• _How to complete this task_:
Could you restate all of the records below exactly, with the pictures left out?

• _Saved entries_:
§

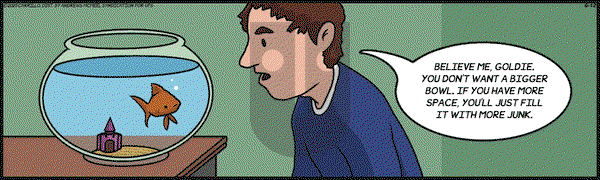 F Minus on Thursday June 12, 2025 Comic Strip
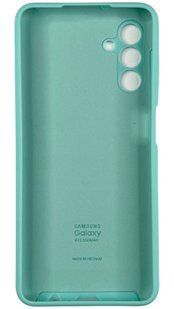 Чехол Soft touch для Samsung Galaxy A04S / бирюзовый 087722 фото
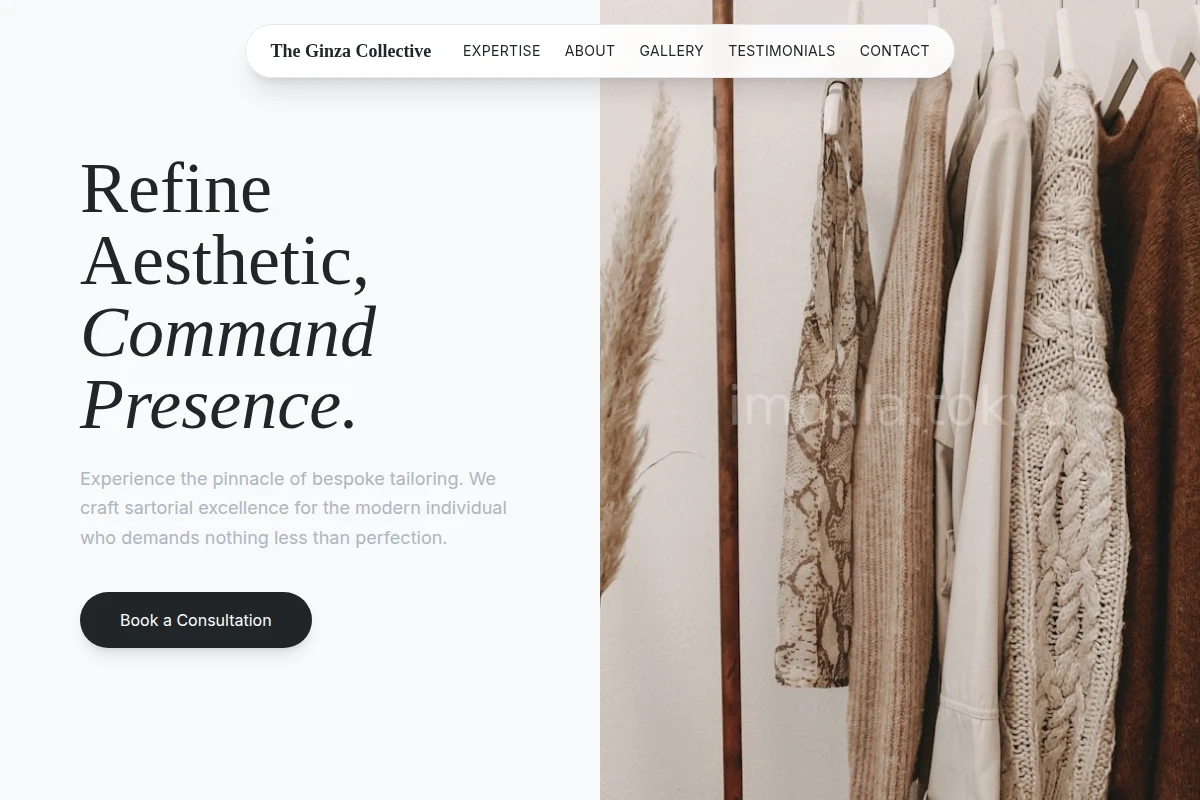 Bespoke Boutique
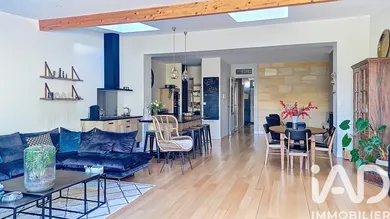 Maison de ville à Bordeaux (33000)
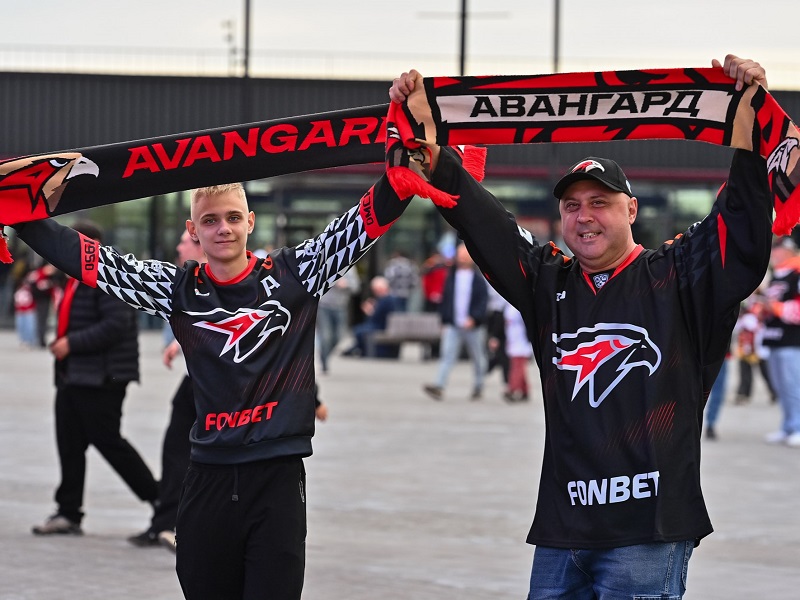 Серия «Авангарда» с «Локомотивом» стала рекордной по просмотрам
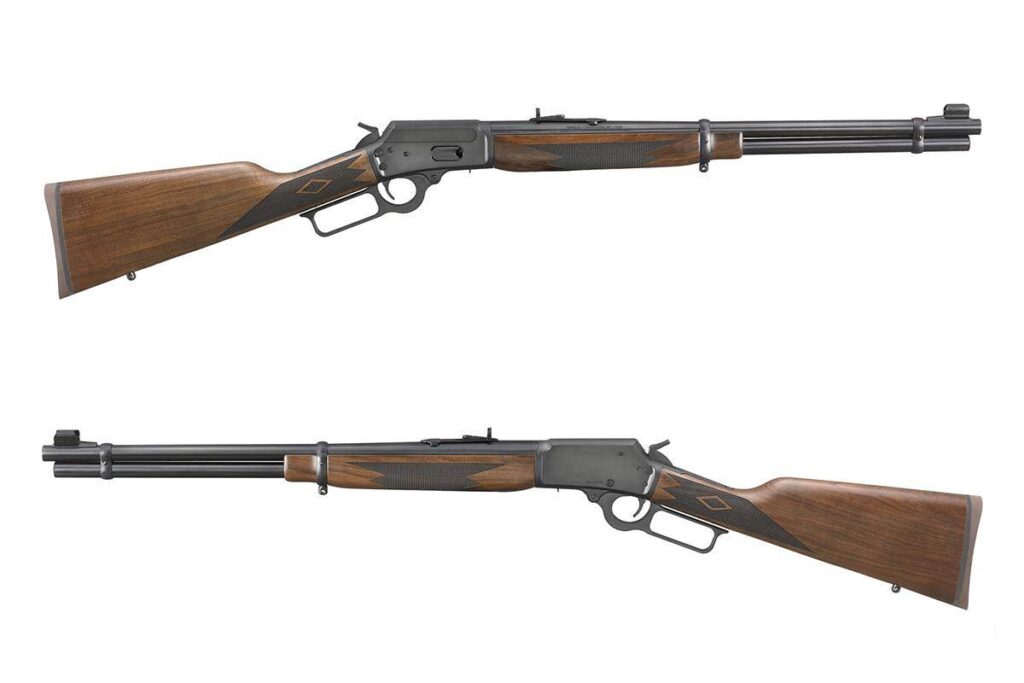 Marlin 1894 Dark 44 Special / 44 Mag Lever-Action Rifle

§

• _Answer space_:
 F Minus on Thursday June 12, 2025 Comic Strip
 Чехол Soft touch для Samsung Galaxy A04S / бирюзовый 087722 фото
 Bespoke Boutique
 Maison de ville à Bordeaux (33000)
 Серия «Авангарда» с «Локомотивом» стала рекордной по просмотрам
 Marlin 1894 Dark 44 Special / 44 Mag Lever-Action Rifle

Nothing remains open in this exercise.